• What is expected
Return the whole listing exactly, omitting the pictures.

• Information supplied
☆ ☆ ☆ ☆

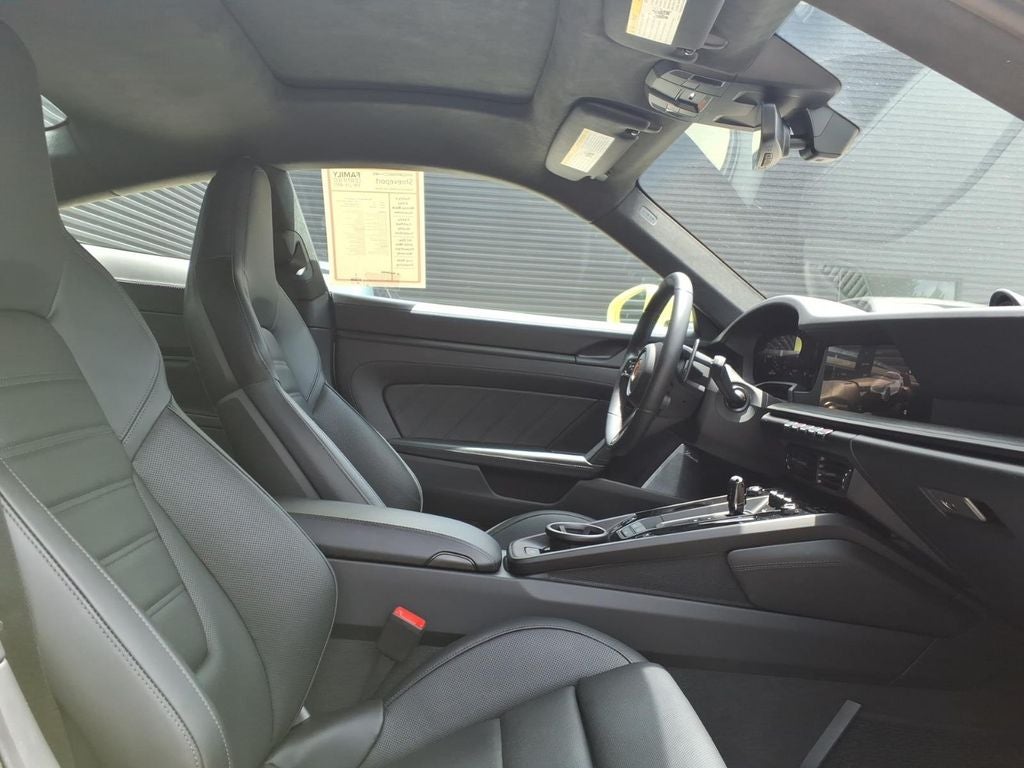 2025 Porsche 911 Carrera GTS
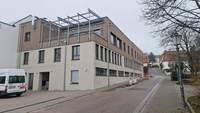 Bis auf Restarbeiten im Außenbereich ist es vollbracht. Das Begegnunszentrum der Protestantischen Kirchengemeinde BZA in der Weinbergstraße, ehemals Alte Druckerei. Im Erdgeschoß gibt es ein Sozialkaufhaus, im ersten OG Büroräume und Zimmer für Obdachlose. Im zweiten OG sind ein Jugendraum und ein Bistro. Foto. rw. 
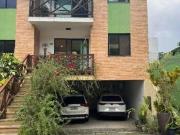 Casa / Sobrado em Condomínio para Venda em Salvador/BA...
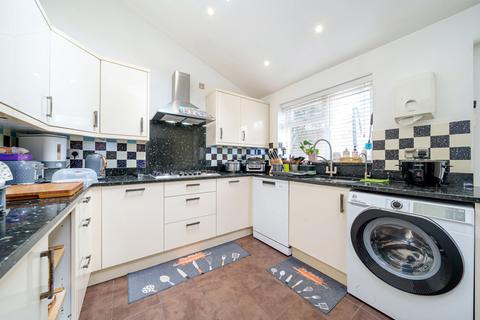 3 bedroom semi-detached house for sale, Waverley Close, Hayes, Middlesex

☆ ☆ ☆ ☆

• Solution to the exercise
 2025 Porsche 911 Carrera GTS
 Bis auf Restarbeiten im Außenbereich ist es vollbracht. Das Begegnunszentrum der Protestantischen Kirchengemeinde BZA in der Weinbergstraße, ehemals Alte Druckerei. Im Erdgeschoß gibt es ein Sozialkaufhaus, im ersten OG Büroräume und Zimmer für Obdachlose. Im zweiten OG sind ein Jugendraum und ein Bistro. Foto. rw. 
 Casa / Sobrado em Condomínio para Venda em Salvador/BA...
 3 bedroom semi-detached house for sale, Waverley Close, Hayes, Middlesex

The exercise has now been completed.